Byline: Colleen Long Associated Press
NEW YORK -- When child welfare worker Kelly Mares investigates an abuse case, she doesn't know what's going to greet her on the other side of the door. A ferocious dog. Or a gun. Or a meth lab, or angry parents who lash out violently.
She takes those risks willingly, she says, because she believes in protecting the city's most vulnerable. But she's not willing to risk going to jail.

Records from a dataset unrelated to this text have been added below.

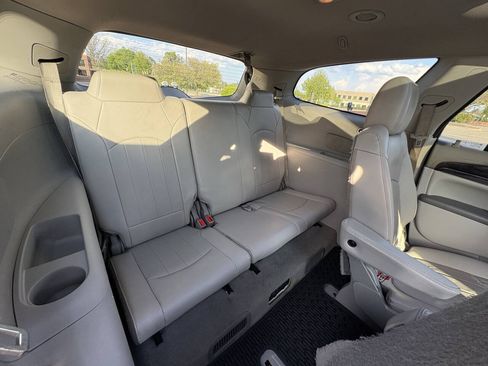 Used 2016 Buick Enclave Premium w/ Experience Buick Package AWD/4WD image 33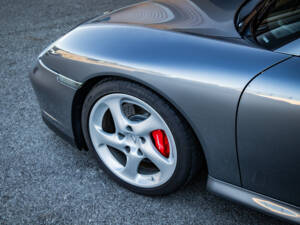 Afbeelding 18/50 van Porsche 911 Carrera 4S (2004)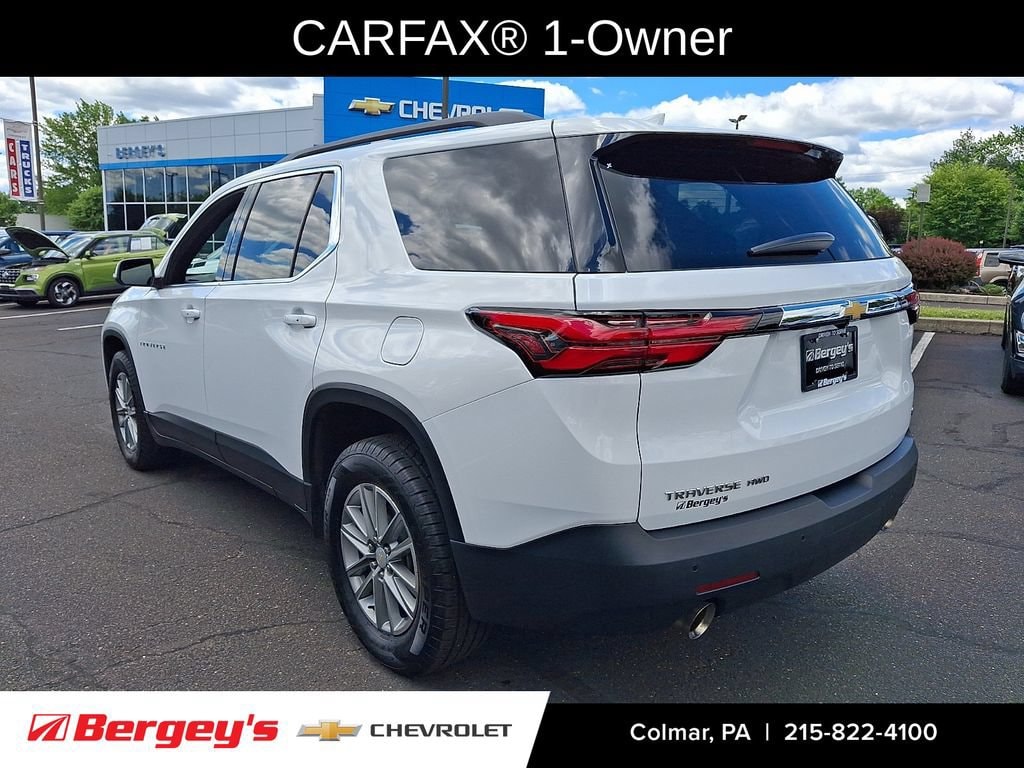 Used 2023 Chevrolet Traverse LT Cloth SUV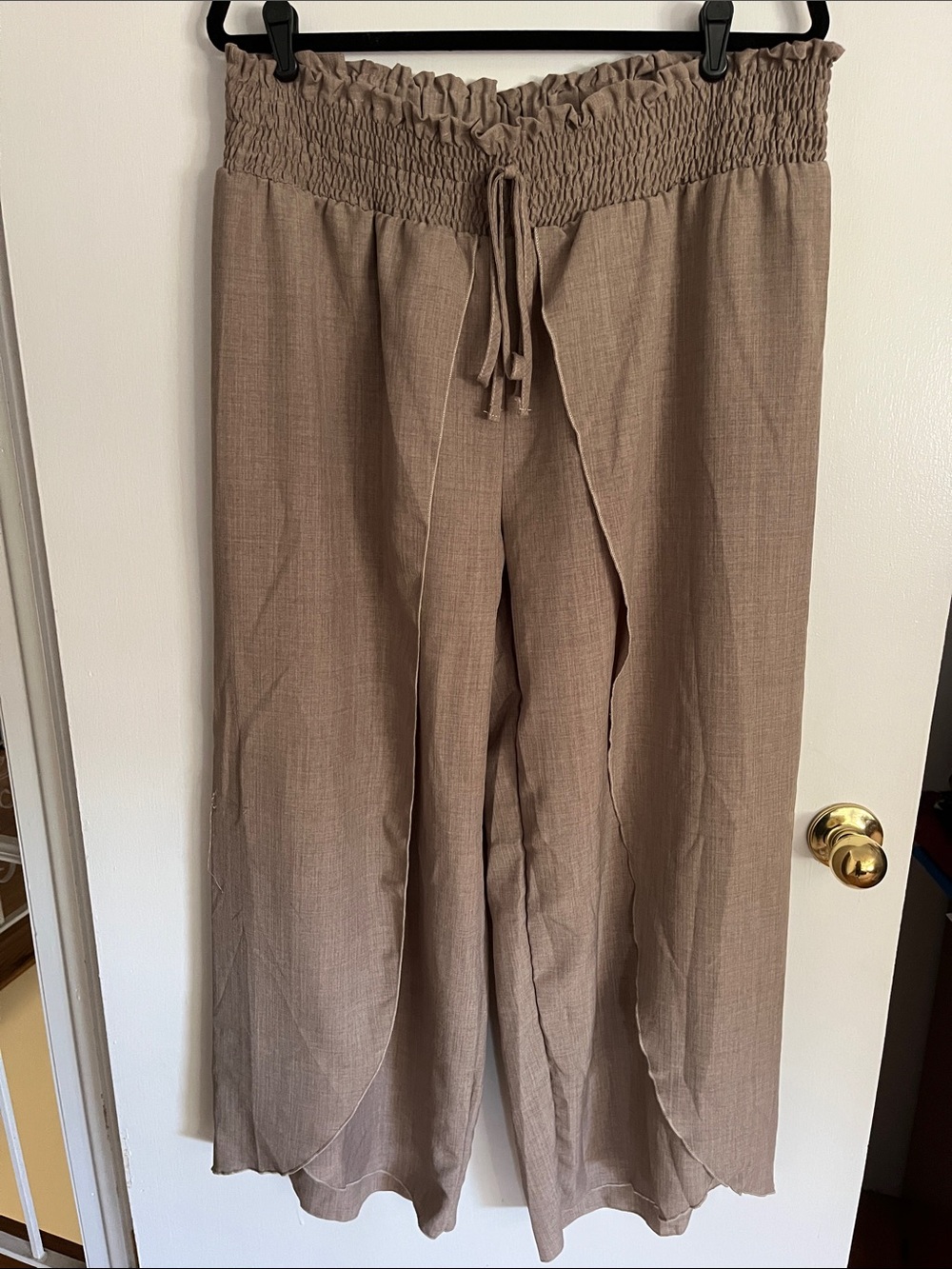 Smocked Waist Wide-Leg Women’s Short Pants — Taupe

After two of her co-workers were charged with criminally negligent homicide in the death of a 4-year-old girl under their care, she's rethinking her career.

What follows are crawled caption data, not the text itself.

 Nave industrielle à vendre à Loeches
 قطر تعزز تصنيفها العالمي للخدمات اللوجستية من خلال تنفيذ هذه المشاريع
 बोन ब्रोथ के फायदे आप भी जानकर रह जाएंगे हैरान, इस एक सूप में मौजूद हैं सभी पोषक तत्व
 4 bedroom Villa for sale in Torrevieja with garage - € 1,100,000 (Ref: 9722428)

"I do not want to go to work every day afraid that I'm going to be arrested for doing my job, and right now that's how everybody feels and it's really scary," she said, her voice cracking.

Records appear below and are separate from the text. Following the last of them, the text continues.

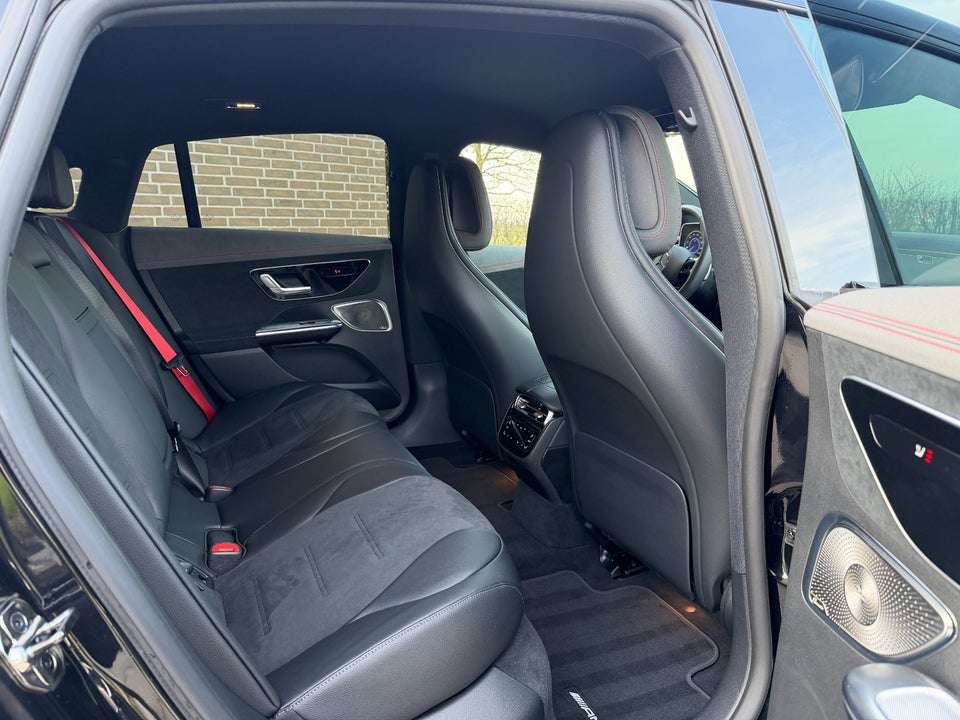 Mercedes EQE350 AMG Line Premium 4d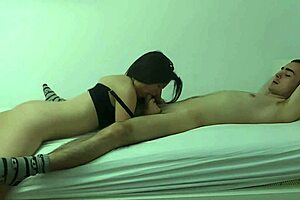 Real amateur couple has intense sex in dorm 😘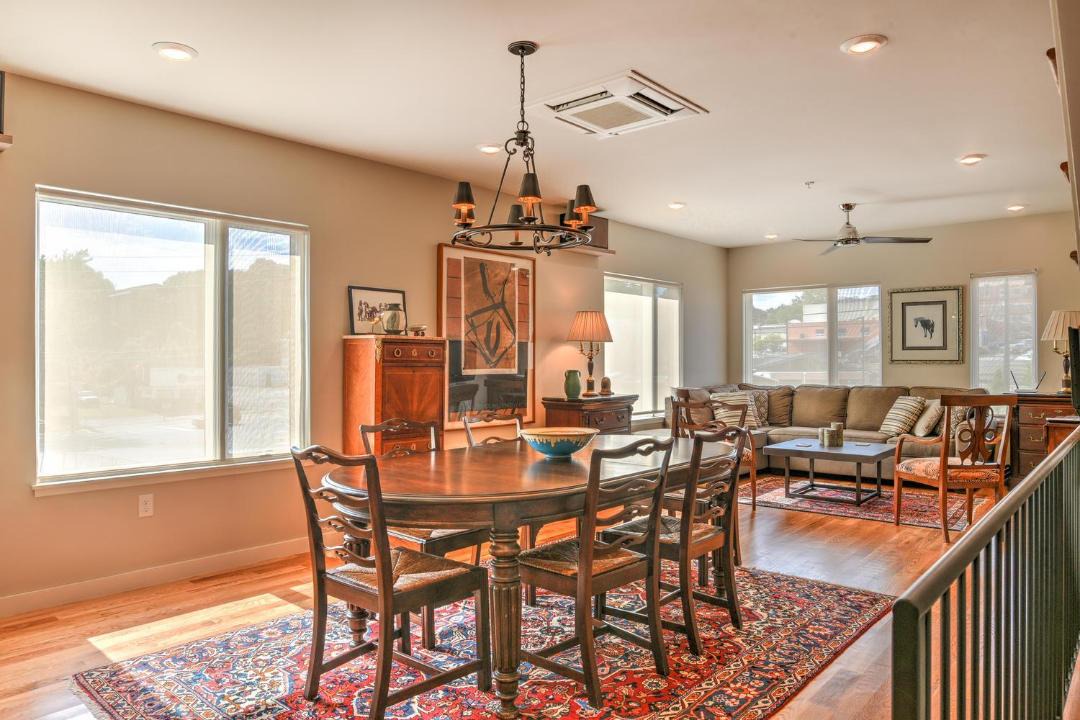 Photo of Livingroom in Asheville
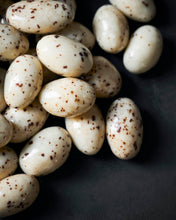 Lade das Bild in den Galerie-Viewer, Nicolas Vahé Schoko-Mandeln "Chocolate Covered Almonds", 190 g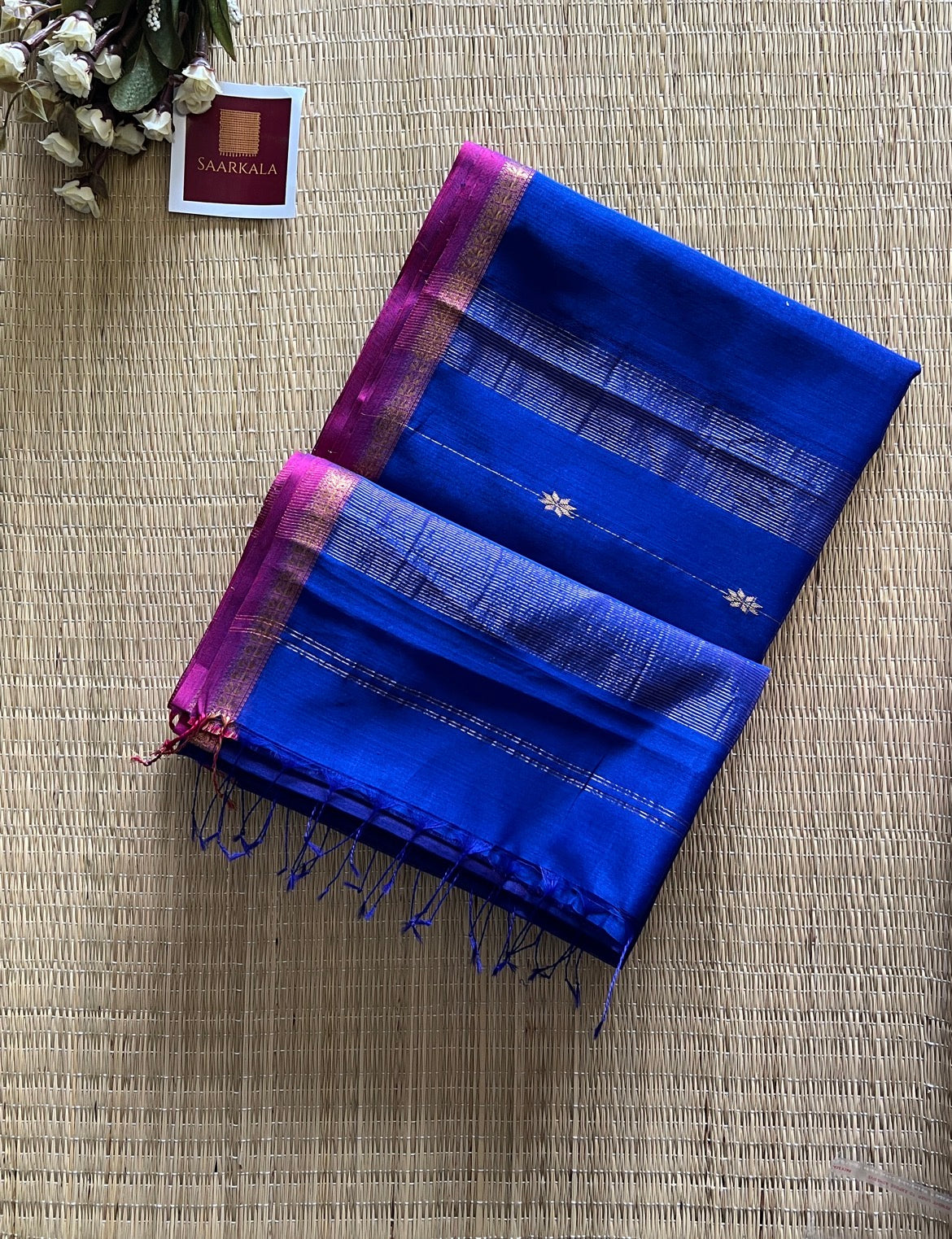 Blue Shaded Dual tone Maheshwari Silk and cotton saree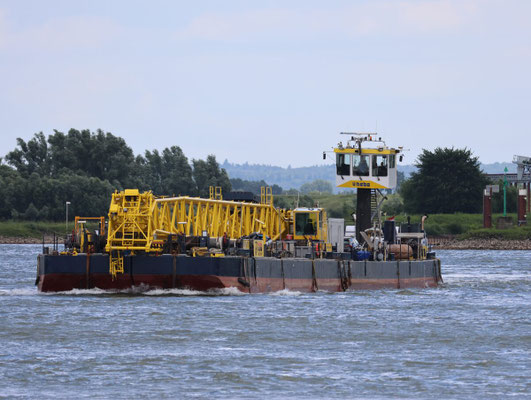Duw-/sleepboot Catharina 4 (ENI 02322887) van Hebo Maritiem Service in vaart op de Waal, voortduwend de drijvende bok Hebo-Lift 8.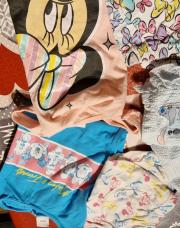 Lot de 3 pyjamas short Disney.  Taille 9-10 ans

Workers at child welfare agencies around the country tell similar stories of taxing, emotional and frustrating jobs that are low in pay and high in stress because of hostile families, tight budgets and overburdened court systems. Workers juggle several cases, make as little as $28,000 a year and usually burn out after a couple of years.
In Brooklyn, an investigator and supervisor for the New York City Administration for Children's Services are arguing they were too busy to record their work in the case of Marchella Pierce, who died after being beaten, drugged and starved to 18 pounds, about half of what a child her age should weigh. If and when they go to trial, a central issue will be whether city workers who fall down on the job should be held criminally responsible -- and the outcome could set a precedent.
Critics liken the practice to arresting a police officer for not getting to the scene of a crime fast enough.
"It's impossible to see into the future about these cases," child welfare expert Andrew White said, referring to Marchella's death.
"It's a lot to take the responsibility for something you're only seeing in hindsight. when you're talking about homicide charges," said White of The New School for Management and Urban Policy which publishes the journal Child Welfare Watch.
Prosecutors insist, though, that child welfare workers who are dangerously negligent in their jobs should be held criminally responsible.
Case workers in Philadelphia who skipped home visits to a 14-year-old disabled girl and contractors who invented phony paperwork after she starved to death in 2006 are serving long prison terms for defrauding the city; her mother is serving 20 to 40 years for third-degree murder.
Florida's system recently came under fire after a child protective investigator failed to call law enforcement during a four-day search for 10-year-old fraternal twins allegedly locked in a bathroom for days. Instead, officials say, she filled out a safety questionnaire indicating the children were not in danger. The girl's body was later found in her father's pickup truck.
In Brooklyn, Marchella Pierce's mother, Carlotta Brett-Pierce, has been charged with murder in her September death; her grandmother has been charged with manslaughter. They have pleaded not guilty.
At the crux of the charges against investigator Damon Adams and his supervisor, Chereece Bell, are whether visits were made to the troubled home. Records and conversations between Bell and Adams were not entered into the computer system until after she died, and prosecutors charge that they were falsified.
The Administration for Children's Services said in an internal report that it appeared no one visited the home in the months before the girl died.
Bell and Adams say some visits took place but weren't recorded because they were so busy. They resigned in October.
"I was so conditioned. ... Every day it was something else coming up that prevented you from doing another. It was so regular to me that it was impossible to get it all done," Bell said.